The thorn in the side of Khan comes in the form of one Wallace Mays. Mays was the onetime promoter, director, and officer of Khan, as well as being the former (and Mays would argue, current) mineral rights holder for the Mongolian assets.
After being removed from Khan’s board in October of 2004 — a move made at the insistence of one of Khan’s financial advisors Mays, unbeknownst to Khan management, signed over the Mongolian mineral rights to his own company, W.M. Mining.
The legal merit of such a maneuver is suspect, but Khan has found that fighting against it is tricky.
The company’s first move — back in the summer of this year — was to bring a suit against Mays for his actions in Ontario. However, the Ontario court ruled that because the assets were based in Mongolia, the issue of the legal holding of them was a Mongolian legal issue, and that Ontario didn’t have jurisdiction.

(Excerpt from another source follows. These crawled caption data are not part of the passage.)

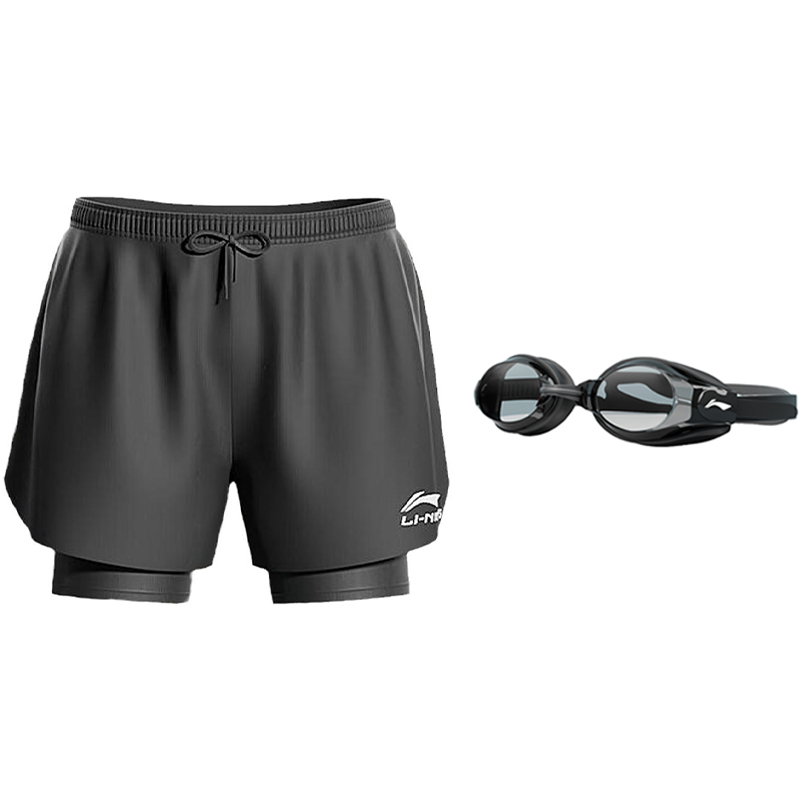 Li Ning Sports Fashion Collection Swim Pants Men’s Black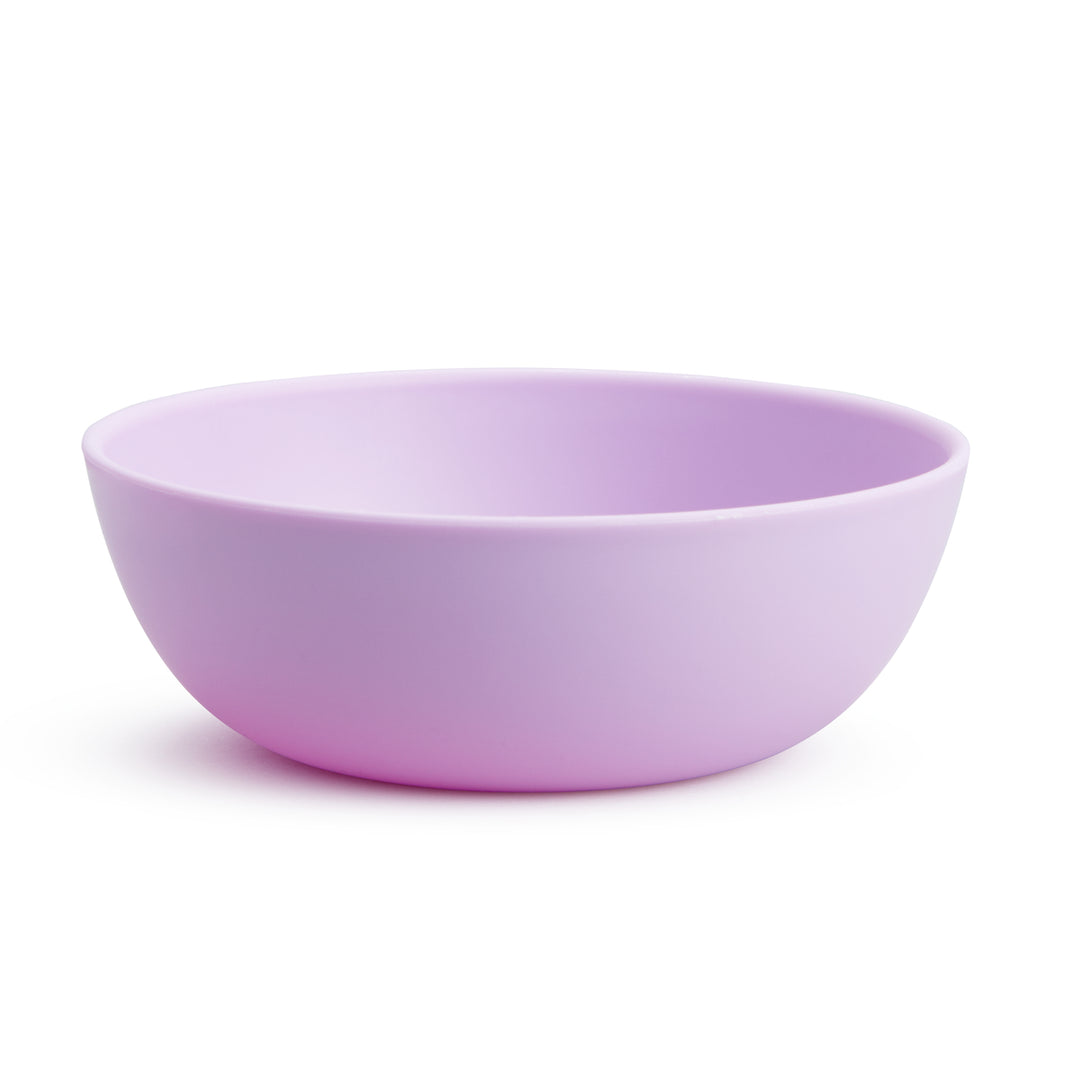 Munchkin Multi Kids Feeding Bowls With Flat Bases & Tall Sides - 4 Pack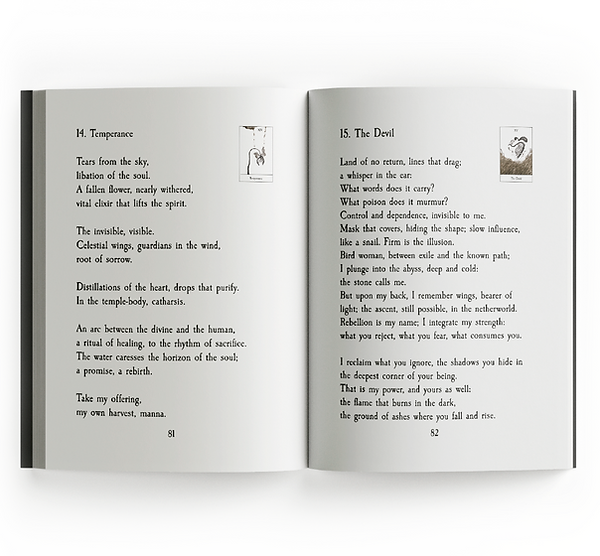 poetic invocations from the trinum tarot guidebook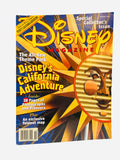 Disney Magazine Spring 2001 Special Collector's Issue - Cover featuring the Sun icon at Disney's California Adventure theme park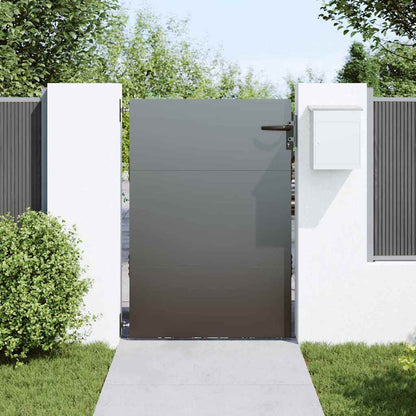 Cancello da giardino con blocco Nero 85 x 125 cm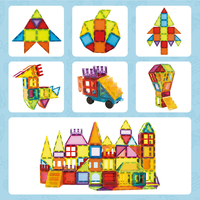 Jouets magnétiques à succès, ensembles de blocs de construction magnétiques DIY pour enfants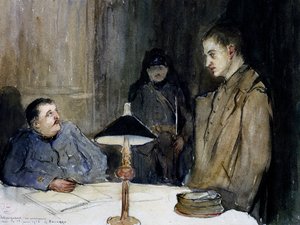 Német fogoly kihallgatása alkotó: Gaston Hippolyte Boucart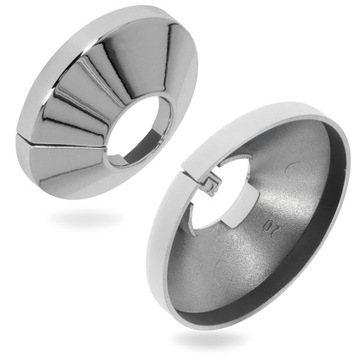 МАСКИРОВОЧНАЯ РОЗЕТКА для труб 20 мм ХРОМ Разъемная крышка радиатора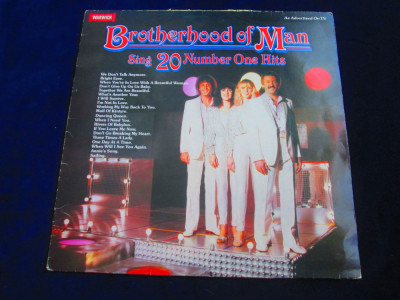 Brotherhood Of man - Sing 20 Number One Hits _ vinyl,Lp _ Warwick (1980, UK ) foto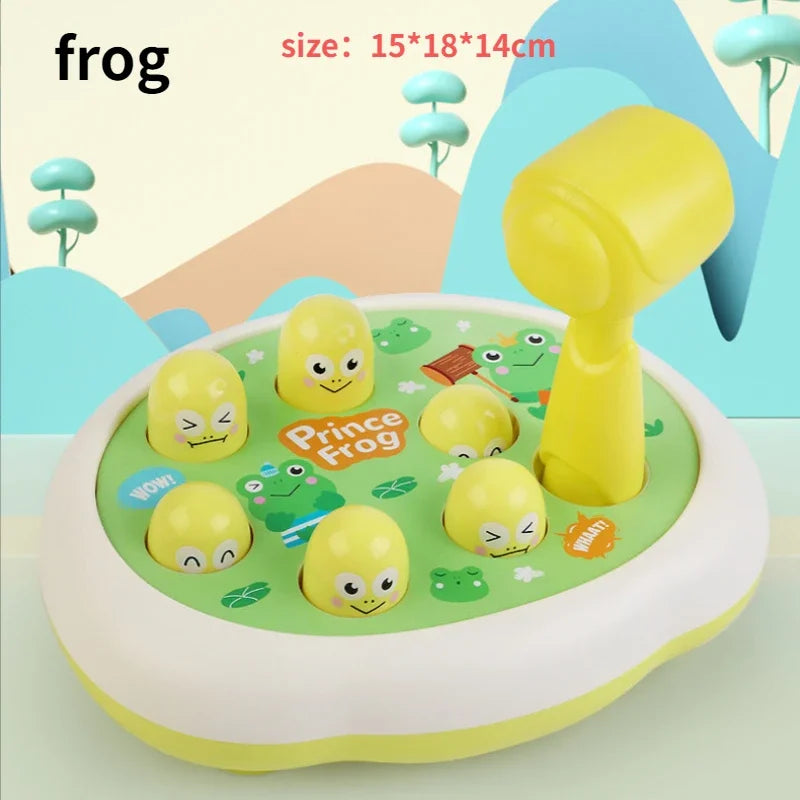 Exciting Whac-A-Mole Knocking Montessori Game for Kids Toddlers Educational Animal Theme Parent Child Fun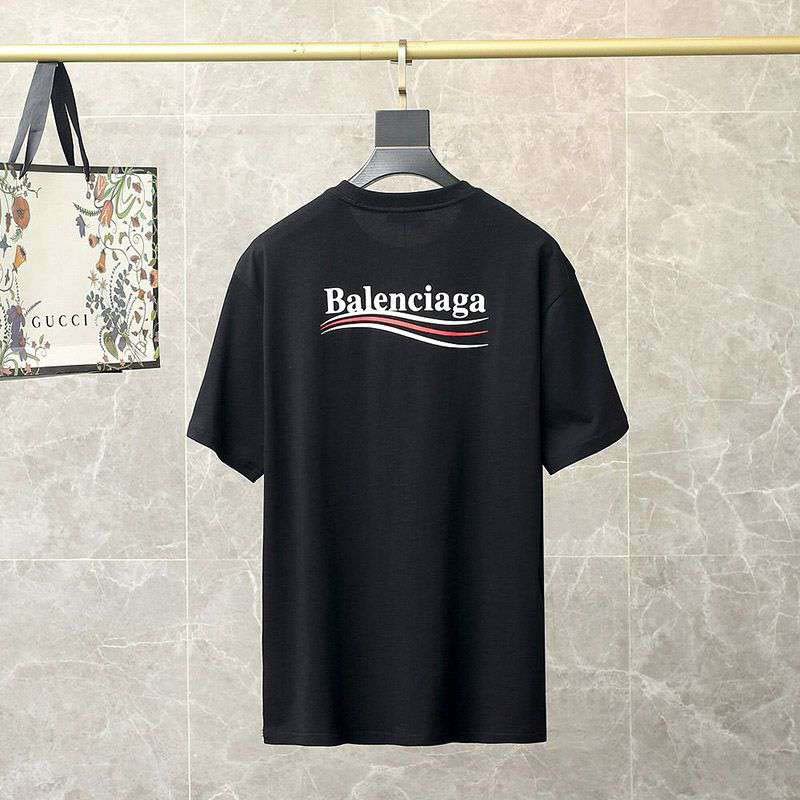 超希少！バレンシアガ コピー POLITICAL CAMPAIGN REGULAR FIT Tシャツ bak71959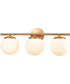 Hollywood Blvd. 3-Light Vanity-Light Satin Brass/Opal White Glass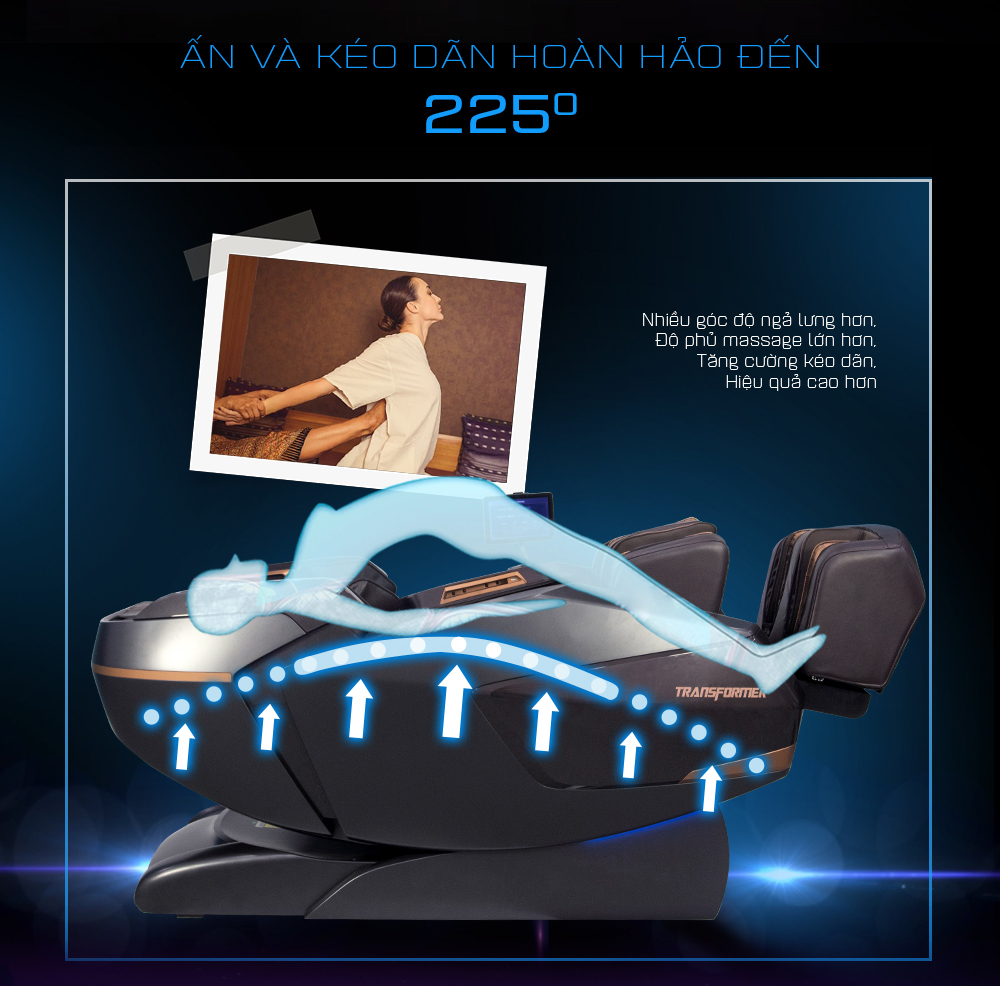 Ghế Massage Buheung Transformer LUX-9800 57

After that decision Khan’s task was to find another avenue to thwart Wallace’s claim. It succeeded when the Ontario court agreed to hear a shareholder oppression case filed by one of Khan’s shareholders, Anthony Weldon. While Weldon’s case is officially against Mays, W.M. Mining, and Khan Resources, the suit has the support of Khan Resources management, and the naming of Khan in the case is a mere legal formality.
The case will be heard on Oct. 12 and Khan says a decision should come that day or shortly after. If Weldon wins his claim, Mays would be prevented from trying to act on his assignment of the mineral rights to W.B. Mining.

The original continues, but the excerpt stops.